____ RECORDED INFORMATION

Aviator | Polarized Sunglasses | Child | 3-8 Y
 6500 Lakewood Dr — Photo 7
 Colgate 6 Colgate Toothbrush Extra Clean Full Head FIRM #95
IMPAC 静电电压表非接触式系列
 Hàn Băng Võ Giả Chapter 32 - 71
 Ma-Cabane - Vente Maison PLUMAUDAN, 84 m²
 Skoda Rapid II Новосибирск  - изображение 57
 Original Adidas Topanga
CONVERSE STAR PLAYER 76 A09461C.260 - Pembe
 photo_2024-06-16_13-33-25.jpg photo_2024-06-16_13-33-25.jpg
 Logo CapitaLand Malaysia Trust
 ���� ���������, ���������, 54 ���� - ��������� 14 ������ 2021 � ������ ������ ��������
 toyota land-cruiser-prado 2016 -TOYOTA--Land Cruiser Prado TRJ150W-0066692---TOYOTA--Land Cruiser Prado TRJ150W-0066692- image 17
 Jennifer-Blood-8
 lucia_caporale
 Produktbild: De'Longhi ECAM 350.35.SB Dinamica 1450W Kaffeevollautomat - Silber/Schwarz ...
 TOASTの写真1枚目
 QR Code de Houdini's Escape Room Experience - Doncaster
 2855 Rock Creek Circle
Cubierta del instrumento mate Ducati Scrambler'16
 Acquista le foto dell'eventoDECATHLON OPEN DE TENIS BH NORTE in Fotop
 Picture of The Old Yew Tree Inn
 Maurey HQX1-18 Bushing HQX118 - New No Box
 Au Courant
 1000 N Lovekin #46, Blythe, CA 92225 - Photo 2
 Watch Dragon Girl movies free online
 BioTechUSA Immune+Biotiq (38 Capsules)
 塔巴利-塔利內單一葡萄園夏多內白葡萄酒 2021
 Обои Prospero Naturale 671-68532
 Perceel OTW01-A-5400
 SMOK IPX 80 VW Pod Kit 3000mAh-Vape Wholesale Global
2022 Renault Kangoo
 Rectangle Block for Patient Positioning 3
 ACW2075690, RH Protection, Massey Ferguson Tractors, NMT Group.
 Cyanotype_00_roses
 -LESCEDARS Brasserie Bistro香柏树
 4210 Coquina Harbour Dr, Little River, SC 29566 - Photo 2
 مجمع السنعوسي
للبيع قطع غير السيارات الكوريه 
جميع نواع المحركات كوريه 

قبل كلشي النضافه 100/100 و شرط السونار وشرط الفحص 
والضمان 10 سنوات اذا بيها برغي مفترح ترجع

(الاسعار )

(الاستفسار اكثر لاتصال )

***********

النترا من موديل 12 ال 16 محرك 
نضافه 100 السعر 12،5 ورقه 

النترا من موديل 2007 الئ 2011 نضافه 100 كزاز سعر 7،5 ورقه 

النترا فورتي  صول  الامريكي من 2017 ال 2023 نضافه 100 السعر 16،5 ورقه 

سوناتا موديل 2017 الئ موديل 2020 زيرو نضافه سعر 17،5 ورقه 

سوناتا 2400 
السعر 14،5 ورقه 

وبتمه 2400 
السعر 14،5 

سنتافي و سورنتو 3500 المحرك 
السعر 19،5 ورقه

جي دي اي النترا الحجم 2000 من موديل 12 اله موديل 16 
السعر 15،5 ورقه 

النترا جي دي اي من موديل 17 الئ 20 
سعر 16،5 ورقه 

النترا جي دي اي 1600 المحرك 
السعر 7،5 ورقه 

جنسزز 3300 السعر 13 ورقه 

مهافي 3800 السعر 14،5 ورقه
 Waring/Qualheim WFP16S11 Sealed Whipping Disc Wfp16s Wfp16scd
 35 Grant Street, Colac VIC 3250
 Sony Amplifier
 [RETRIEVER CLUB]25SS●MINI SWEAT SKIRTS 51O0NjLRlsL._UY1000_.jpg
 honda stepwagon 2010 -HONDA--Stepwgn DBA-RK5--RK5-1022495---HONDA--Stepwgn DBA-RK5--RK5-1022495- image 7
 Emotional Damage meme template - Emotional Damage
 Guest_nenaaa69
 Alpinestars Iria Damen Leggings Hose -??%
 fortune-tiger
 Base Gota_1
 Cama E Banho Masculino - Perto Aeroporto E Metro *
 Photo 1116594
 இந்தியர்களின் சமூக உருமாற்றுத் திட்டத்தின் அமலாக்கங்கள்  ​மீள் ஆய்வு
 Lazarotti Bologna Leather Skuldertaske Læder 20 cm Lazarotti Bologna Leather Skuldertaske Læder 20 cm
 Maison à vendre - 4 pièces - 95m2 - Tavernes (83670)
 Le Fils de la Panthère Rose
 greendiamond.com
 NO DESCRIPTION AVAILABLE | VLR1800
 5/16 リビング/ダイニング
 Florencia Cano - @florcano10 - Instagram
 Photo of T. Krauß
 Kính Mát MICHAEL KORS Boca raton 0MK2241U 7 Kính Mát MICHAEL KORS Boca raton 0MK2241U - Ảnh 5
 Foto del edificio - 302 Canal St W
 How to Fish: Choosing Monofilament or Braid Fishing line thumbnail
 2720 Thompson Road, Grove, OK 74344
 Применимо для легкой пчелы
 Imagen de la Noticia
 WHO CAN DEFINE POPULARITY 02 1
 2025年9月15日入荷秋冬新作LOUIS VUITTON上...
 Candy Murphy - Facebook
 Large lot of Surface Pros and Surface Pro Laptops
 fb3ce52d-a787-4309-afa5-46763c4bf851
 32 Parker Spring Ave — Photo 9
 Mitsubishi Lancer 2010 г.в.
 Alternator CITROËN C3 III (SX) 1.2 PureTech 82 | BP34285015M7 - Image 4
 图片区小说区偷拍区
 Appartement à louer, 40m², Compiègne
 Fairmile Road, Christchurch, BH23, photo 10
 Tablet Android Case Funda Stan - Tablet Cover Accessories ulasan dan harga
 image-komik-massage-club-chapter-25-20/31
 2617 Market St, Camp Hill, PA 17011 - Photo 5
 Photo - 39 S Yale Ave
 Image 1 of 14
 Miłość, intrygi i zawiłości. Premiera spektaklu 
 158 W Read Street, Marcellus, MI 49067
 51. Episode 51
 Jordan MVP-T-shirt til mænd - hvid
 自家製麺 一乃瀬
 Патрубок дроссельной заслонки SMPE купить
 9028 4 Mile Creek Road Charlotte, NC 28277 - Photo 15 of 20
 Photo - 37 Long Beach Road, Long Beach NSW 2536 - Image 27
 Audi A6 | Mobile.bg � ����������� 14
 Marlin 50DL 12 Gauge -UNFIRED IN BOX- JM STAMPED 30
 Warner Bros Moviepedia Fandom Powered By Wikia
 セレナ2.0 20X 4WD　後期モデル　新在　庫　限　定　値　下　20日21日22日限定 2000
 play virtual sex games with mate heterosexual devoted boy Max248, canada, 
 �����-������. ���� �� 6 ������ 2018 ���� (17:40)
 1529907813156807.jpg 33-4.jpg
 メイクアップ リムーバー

________

WHAT THE EXERCISE ASKS »
Retype the entries word for word.

RESPONSE FOR THIS EXERCISE »
Aviator | Polarized Sunglasses | Child | 3-8 Y
 6500 Lakewood Dr — Photo 7
 Colgate 6 Colgate Toothbrush Extra Clean Full Head FIRM #95
IMPAC 静电电压表非接触式系列
 Hàn Băng Võ Giả Chapter 32 - 71
 Ma-Cabane - Vente Maison PLUMAUDAN, 84 m²
 Skoda Rapid II Новосибирск  - изображение 57
 Original Adidas Topanga
CONVERSE STAR PLAYER 76 A09461C.260 - Pembe
 photo_2024-06-16_13-33-25.jpg photo_2024-06-16_13-33-25.jpg
 Logo CapitaLand Malaysia Trust
 ���� ���������, ���������, 54 ���� - ��������� 14 ������ 2021 � ������ ������ ��������
 toyota land-cruiser-prado 2016 -TOYOTA--Land Cruiser Prado TRJ150W-0066692---TOYOTA--Land Cruiser Prado TRJ150W-0066692- image 17
 Jennifer-Blood-8
 lucia_caporale
 Produktbild: De'Longhi ECAM 350.35.SB Dinamica 1450W Kaffeevollautomat - Silber/Schwarz ...
 TOASTの写真1枚目
 QR Code de Houdini's Escape Room Experience - Doncaster
 2855 Rock Creek Circle
Cubierta del instrumento mate Ducati Scrambler'16
 Acquista le foto dell'eventoDECATHLON OPEN DE TENIS BH NORTE in Fotop
 Picture of The Old Yew Tree Inn
 Maurey HQX1-18 Bushing HQX118 - New No Box
 Au Courant
 1000 N Lovekin #46, Blythe, CA 92225 - Photo 2
 Watch Dragon Girl movies free online
 BioTechUSA Immune+Biotiq (38 Capsules)
 塔巴利-塔利內單一葡萄園夏多內白葡萄酒 2021
 Обои Prospero Naturale 671-68532
 Perceel OTW01-A-5400
 SMOK IPX 80 VW Pod Kit 3000mAh-Vape Wholesale Global
2022 Renault Kangoo
 Rectangle Block for Patient Positioning 3
 ACW2075690, RH Protection, Massey Ferguson Tractors, NMT Group.
 Cyanotype_00_roses
 -LESCEDARS Brasserie Bistro香柏树
 4210 Coquina Harbour Dr, Little River, SC 29566 - Photo 2
 مجمع السنعوسي
للبيع قطع غير السيارات الكوريه 
جميع نواع المحركات كوريه 

قبل كلشي النضافه 100/100 و شرط السونار وشرط الفحص 
والضمان 10 سنوات اذا بيها برغي مفترح ترجع

(الاسعار )

(الاستفسار اكثر لاتصال )

***********

النترا من موديل 12 ال 16 محرك 
نضافه 100 السعر 12،5 ورقه 

النترا من موديل 2007 الئ 2011 نضافه 100 كزاز سعر 7،5 ورقه 

النترا فورتي  صول  الامريكي من 2017 ال 2023 نضافه 100 السعر 16،5 ورقه 

سوناتا موديل 2017 الئ موديل 2020 زيرو نضافه سعر 17،5 ورقه 

سوناتا 2400 
السعر 14،5 ورقه 

وبتمه 2400 
السعر 14،5 

سنتافي و سورنتو 3500 المحرك 
السعر 19،5 ورقه

جي دي اي النترا الحجم 2000 من موديل 12 اله موديل 16 
السعر 15،5 ورقه 

النترا جي دي اي من موديل 17 الئ 20 
سعر 16،5 ورقه 

النترا جي دي اي 1600 المحرك 
السعر 7،5 ورقه 

جنسزز 3300 السعر 13 ورقه 

مهافي 3800 السعر 14،5 ورقه
 Waring/Qualheim WFP16S11 Sealed Whipping Disc Wfp16s Wfp16scd
 35 Grant Street, Colac VIC 3250
 Sony Amplifier
 [RETRIEVER CLUB]25SS●MINI SWEAT SKIRTS 51O0NjLRlsL._UY1000_.jpg
 honda stepwagon 2010 -HONDA--Stepwgn DBA-RK5--RK5-1022495---HONDA--Stepwgn DBA-RK5--RK5-1022495- image 7
 Emotional Damage meme template - Emotional Damage
 Guest_nenaaa69
 Alpinestars Iria Damen Leggings Hose -??%
 fortune-tiger
 Base Gota_1
 Cama E Banho Masculino - Perto Aeroporto E Metro *
 Photo 1116594
 இந்தியர்களின் சமூக உருமாற்றுத் திட்டத்தின் அமலாக்கங்கள்  ​மீள் ஆய்வு
 Lazarotti Bologna Leather Skuldertaske Læder 20 cm Lazarotti Bologna Leather Skuldertaske Læder 20 cm
 Maison à vendre - 4 pièces - 95m2 - Tavernes (83670)
 Le Fils de la Panthère Rose
 greendiamond.com
 NO DESCRIPTION AVAILABLE | VLR1800
 5/16 リビング/ダイニング
 Florencia Cano - @florcano10 - Instagram
 Photo of T. Krauß
 Kính Mát MICHAEL KORS Boca raton 0MK2241U 7 Kính Mát MICHAEL KORS Boca raton 0MK2241U - Ảnh 5
 Foto del edificio - 302 Canal St W
 How to Fish: Choosing Monofilament or Braid Fishing line thumbnail
 2720 Thompson Road, Grove, OK 74344
 Применимо для легкой пчелы
 Imagen de la Noticia
 WHO CAN DEFINE POPULARITY 02 1
 2025年9月15日入荷秋冬新作LOUIS VUITTON上...
 Candy Murphy - Facebook
 Large lot of Surface Pros and Surface Pro Laptops
 fb3ce52d-a787-4309-afa5-46763c4bf851
 32 Parker Spring Ave — Photo 9
 Mitsubishi Lancer 2010 г.в.
 Alternator CITROËN C3 III (SX) 1.2 PureTech 82 | BP34285015M7 - Image 4
 图片区小说区偷拍区
 Appartement à louer, 40m², Compiègne
 Fairmile Road, Christchurch, BH23, photo 10
 Tablet Android Case Funda Stan - Tablet Cover Accessories ulasan dan harga
 image-komik-massage-club-chapter-25-20/31
 2617 Market St, Camp Hill, PA 17011 - Photo 5
 Photo - 39 S Yale Ave
 Image 1 of 14
 Miłość, intrygi i zawiłości. Premiera spektaklu 
 158 W Read Street, Marcellus, MI 49067
 51. Episode 51
 Jordan MVP-T-shirt til mænd - hvid
 自家製麺 一乃瀬
 Патрубок дроссельной заслонки SMPE купить
 9028 4 Mile Creek Road Charlotte, NC 28277 - Photo 15 of 20
 Photo - 37 Long Beach Road, Long Beach NSW 2536 - Image 27
 Audi A6 | Mobile.bg � ����������� 14
 Marlin 50DL 12 Gauge -UNFIRED IN BOX- JM STAMPED 30
 Warner Bros Moviepedia Fandom Powered By Wikia
 セレナ2.0 20X 4WD　後期モデル　新在　庫　限　定　値　下　20日21日22日限定 2000
 play virtual sex games with mate heterosexual devoted boy Max248, canada, 
 �����-������. ���� �� 6 ������ 2018 ���� (17:40)
 1529907813156807.jpg 33-4.jpg
 メイクアップ リムーバー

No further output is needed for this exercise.